Leach (nee Jones) had a simple answer for them: "I wanted to go to the

Olympics and (weightlifting) is what I needed to do."

The only girl in the CdM weight room her sophomore year, Leach later ran

a marathon in 3 hours 2 minutes in the late 1970s, the 20th-best mark in

the nation at the time for women; won a world championship in her only

appearance at the Hawaiian Ironman Triathlon in October 1982; and became an outrigger canoe champion in the mid-80s.

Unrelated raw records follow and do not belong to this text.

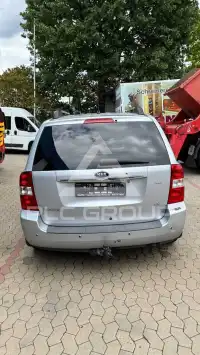 2007 KIA Carnival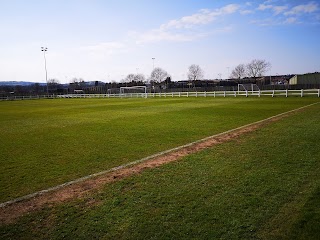 Peffermill Playing Fields, The University of Edinburgh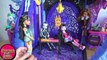 Кукла Барби дрессировка щенков серия 8 Монстер Хай куклы Клео и Клодин в гостях у Барби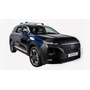 Antifaz Hyundai Santa Fe 7plazas 2017 2018 2019 2020 Dark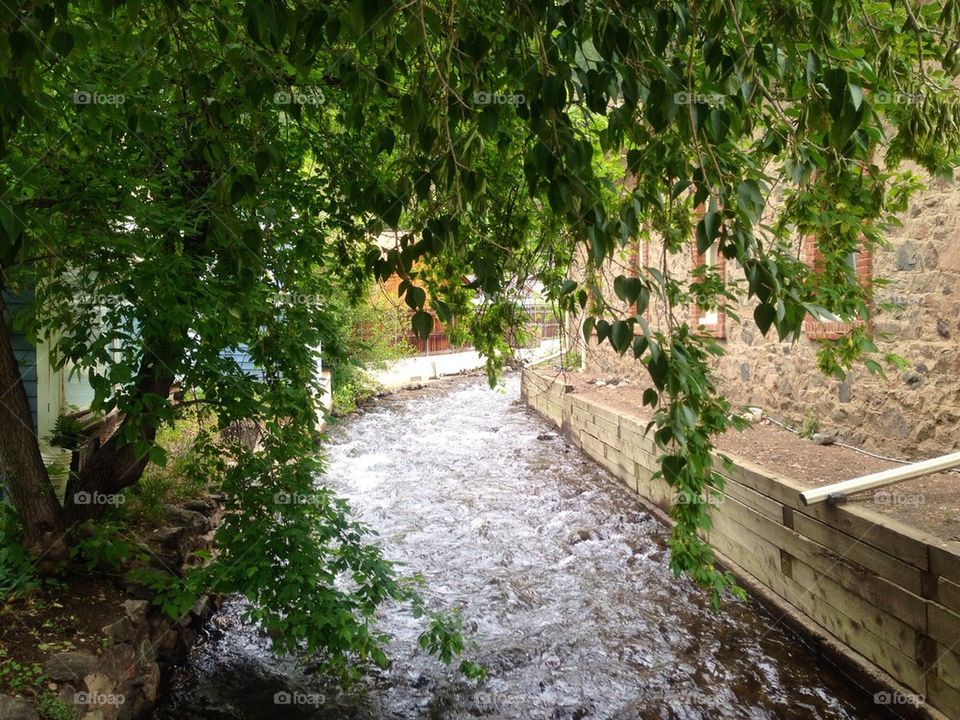 Colorado, Georgetown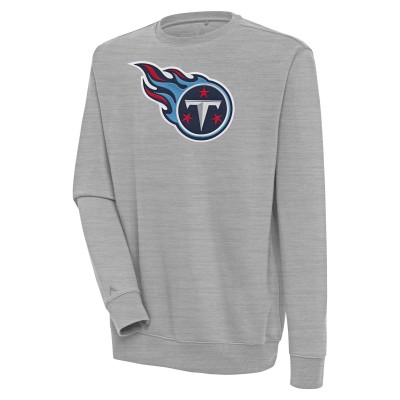 Кофта Tennessee Titans Antigua Victory - Heather Gray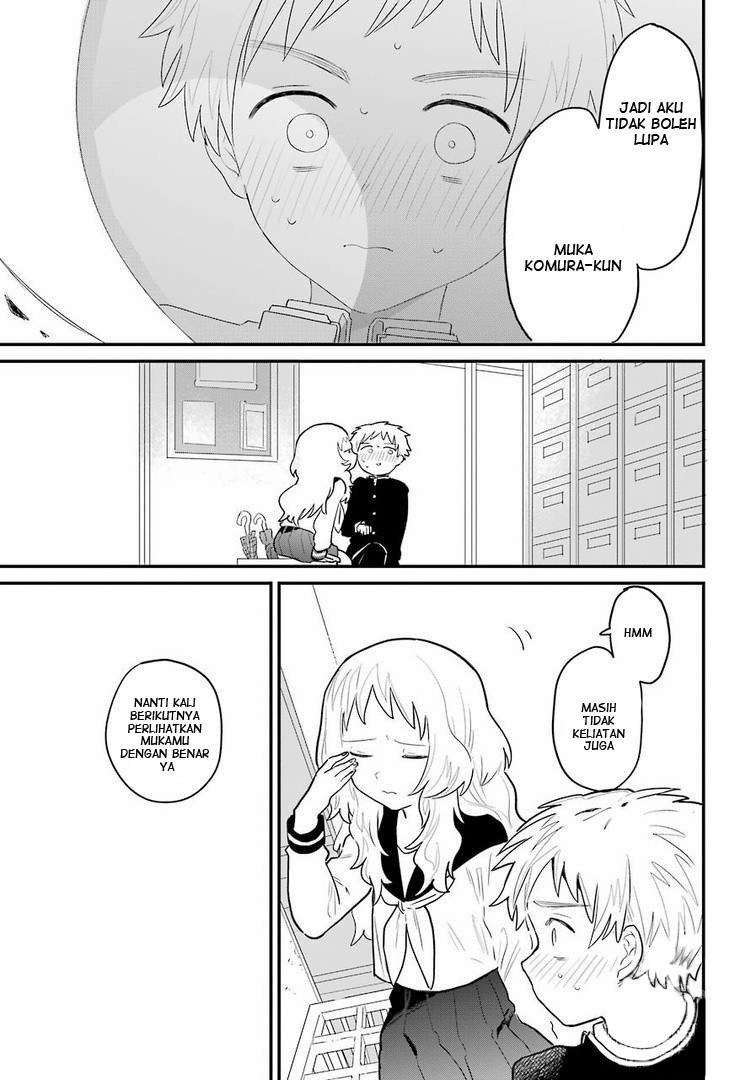 Sukinako ga Megane wo Wasureta Chapter 2 Gambar 17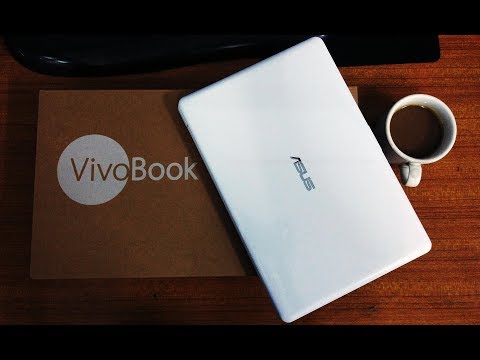 Video Netbook Asus E203Nah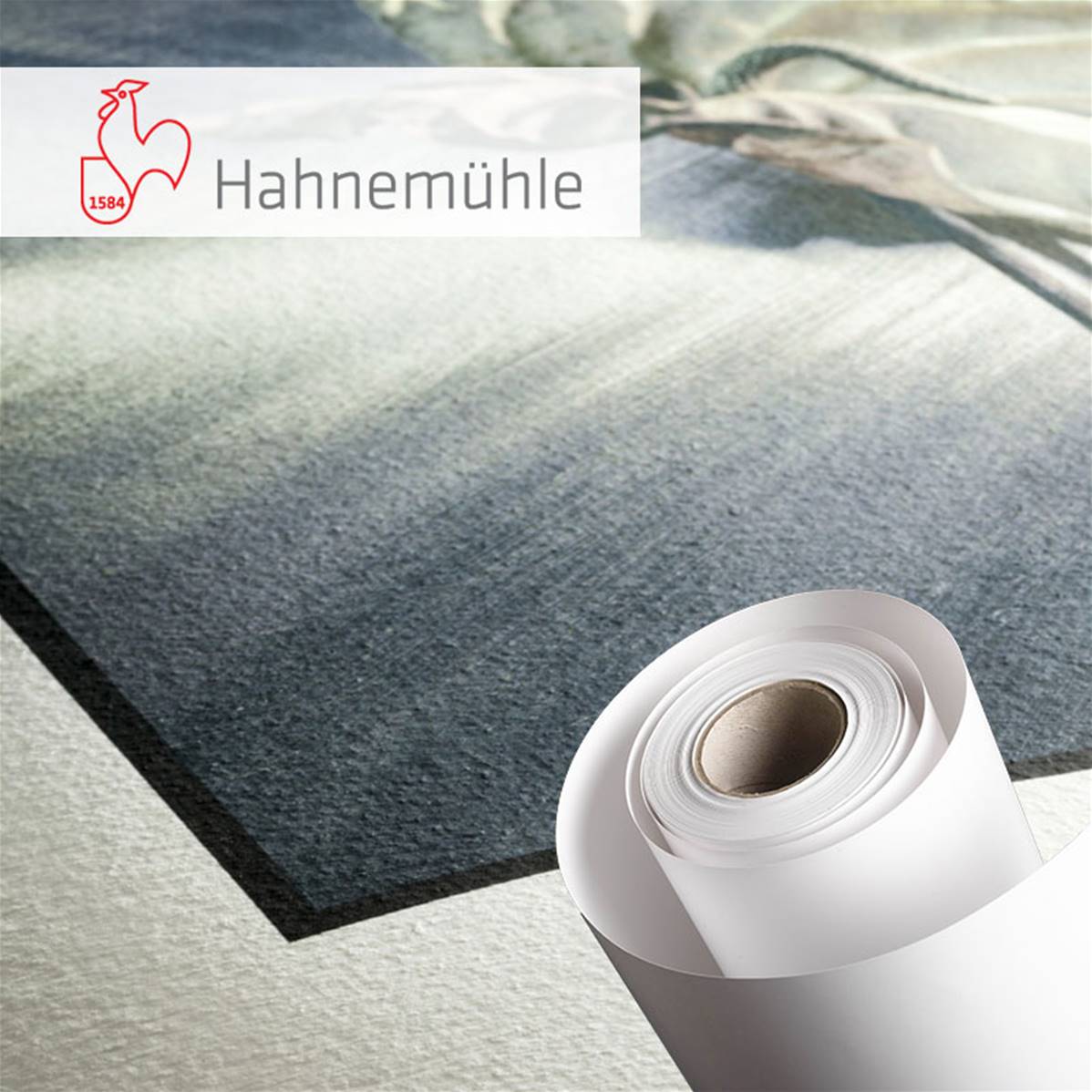 HAHNEMUHLE Papier Fine Art German Etching 310g 44"(111,8cm) x 12m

Today, Leach bodyboards near a somewhat secluded reef point in Newport

Beach and jogs about four days a week to keep her 42-year-old frame

solid.

But before the gender equality-based ruling in 1974 that is Title IX,

physical discipline among females for athletic prowess was as foreign as

Internet chat rooms in a disco. When Leach entered high school, the

informal Girls Athletic Association had no scorebooks, playoffs or

uniforms. "It wasn't real competitive or anything," she said.

By her senior year, field hockey was a CIF-sanctioned sport and Leach

tried it as a "novelty," but at the time she was training hard in the

kayak for the Montreal Games -- 11 years before Newport Aquatic Center

opened.

A pioneer of many sorts, Leach was rowing in single kayaks at a

world-class level when Newport-Mesa District girls first realized

athletic freedom.

CdM teacher Bill Leach, who coached a kayak club, was her inspiration

into the sport and later became her husband. "I was very determined to

succeed in kayaking," said Leach, who graduated from CdM in 1975, married

Bill four months later and then finished seventh in the K-1 medal race at

the '76 Games, as Mr. and Mrs. Leach performed as a rare husband-and-wife

tandem in the same Olympiad (Bill Leach competed in the men's K-2).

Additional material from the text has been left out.